While the rice cooks, season chicken with salt, pepper and poultry seasoning. Dredge chicken in about half cup of flour then discard the rest. Heat a large skillet over medium to medium-high heat. Add 2 tablespoons extra-virgin olive oil, 2 turns of the pan, and 1 tablespoon butter to the large skillet. To the hot butter and oil, add the cutlets and cook 3 to 4 minutes on each side. [Because they are thin little guys, they cook fast.] Remove the meat to a large platter and cover with foil to keep warm.

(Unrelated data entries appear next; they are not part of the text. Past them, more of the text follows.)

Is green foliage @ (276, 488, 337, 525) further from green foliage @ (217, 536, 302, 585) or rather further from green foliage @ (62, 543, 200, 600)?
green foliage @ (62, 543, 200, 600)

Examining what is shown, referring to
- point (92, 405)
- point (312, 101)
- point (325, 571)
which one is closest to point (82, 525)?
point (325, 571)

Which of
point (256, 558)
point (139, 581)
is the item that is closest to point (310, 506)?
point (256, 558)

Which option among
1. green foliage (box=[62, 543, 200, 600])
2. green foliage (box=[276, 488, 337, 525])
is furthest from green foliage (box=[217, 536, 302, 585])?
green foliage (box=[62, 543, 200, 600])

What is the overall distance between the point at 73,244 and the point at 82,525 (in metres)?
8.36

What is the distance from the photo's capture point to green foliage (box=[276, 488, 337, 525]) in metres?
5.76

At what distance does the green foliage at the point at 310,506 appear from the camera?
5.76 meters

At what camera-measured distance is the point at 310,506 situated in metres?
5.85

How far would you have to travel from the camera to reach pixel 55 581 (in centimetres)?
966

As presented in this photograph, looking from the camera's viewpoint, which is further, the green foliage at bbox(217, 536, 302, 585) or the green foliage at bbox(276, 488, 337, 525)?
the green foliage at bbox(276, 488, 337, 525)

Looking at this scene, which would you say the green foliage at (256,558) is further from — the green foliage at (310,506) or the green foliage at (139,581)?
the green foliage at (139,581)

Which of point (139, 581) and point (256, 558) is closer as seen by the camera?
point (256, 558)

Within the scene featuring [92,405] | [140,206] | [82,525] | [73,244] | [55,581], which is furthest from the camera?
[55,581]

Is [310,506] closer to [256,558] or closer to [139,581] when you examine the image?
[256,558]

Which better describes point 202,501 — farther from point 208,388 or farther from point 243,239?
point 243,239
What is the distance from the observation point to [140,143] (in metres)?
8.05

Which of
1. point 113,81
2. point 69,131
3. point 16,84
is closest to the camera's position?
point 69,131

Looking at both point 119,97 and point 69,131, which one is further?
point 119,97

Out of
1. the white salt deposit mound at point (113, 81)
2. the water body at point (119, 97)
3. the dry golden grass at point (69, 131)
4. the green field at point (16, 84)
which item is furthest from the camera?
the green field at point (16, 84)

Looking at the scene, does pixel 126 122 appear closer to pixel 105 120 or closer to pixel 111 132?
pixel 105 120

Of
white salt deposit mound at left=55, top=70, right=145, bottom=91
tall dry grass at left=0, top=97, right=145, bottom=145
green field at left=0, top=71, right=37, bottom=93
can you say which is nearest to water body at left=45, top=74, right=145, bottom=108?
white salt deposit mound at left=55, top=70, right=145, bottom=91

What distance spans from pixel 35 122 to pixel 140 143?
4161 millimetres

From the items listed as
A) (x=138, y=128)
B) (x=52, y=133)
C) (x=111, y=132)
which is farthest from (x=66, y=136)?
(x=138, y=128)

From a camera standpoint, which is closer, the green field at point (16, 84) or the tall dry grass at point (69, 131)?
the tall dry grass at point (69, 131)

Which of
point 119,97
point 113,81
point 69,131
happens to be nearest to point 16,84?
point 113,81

Bring an inch or 2 of water to a simmer in a shallow pan and season with salt. Add asparagus and cook 4 minutes until just tender but green. Remove and add to chicken platter to keep warm.

Return chicken skillet to the heat and add 2 tablespoons butter. Melt butter, add the mushrooms and saute for a couple of minutes. Whisk in 2 rounded tablespoons flour. Cook the flour 1 minute then whisk in 1/3 cup white wine, a couple of glugs. Cook off wine, 30 seconds, then whisk in 1 1/4 cups of chicken stock (remainder of the quart) [I had to open a new box to get the full amount, since I used extra for my rice, but no big deal since I cook with the stuff all the time] then the half-and-half. When sauce bubbles, stir in mustard and tarragon and let sauce simmer and thicken 2 to 3 minutes.

Stir scallions into rice and fluff with fork. Make a bed of rice on each dinner plate. Top with a serving of steamed asparagus then 2 cutlets of chicken. Cover the chicken with the tarragon sauce, allowing the gravy to spill over edges into asparagus and rice. Sprinkle the plates with toasted nuts. Wow! Can you believe you made this?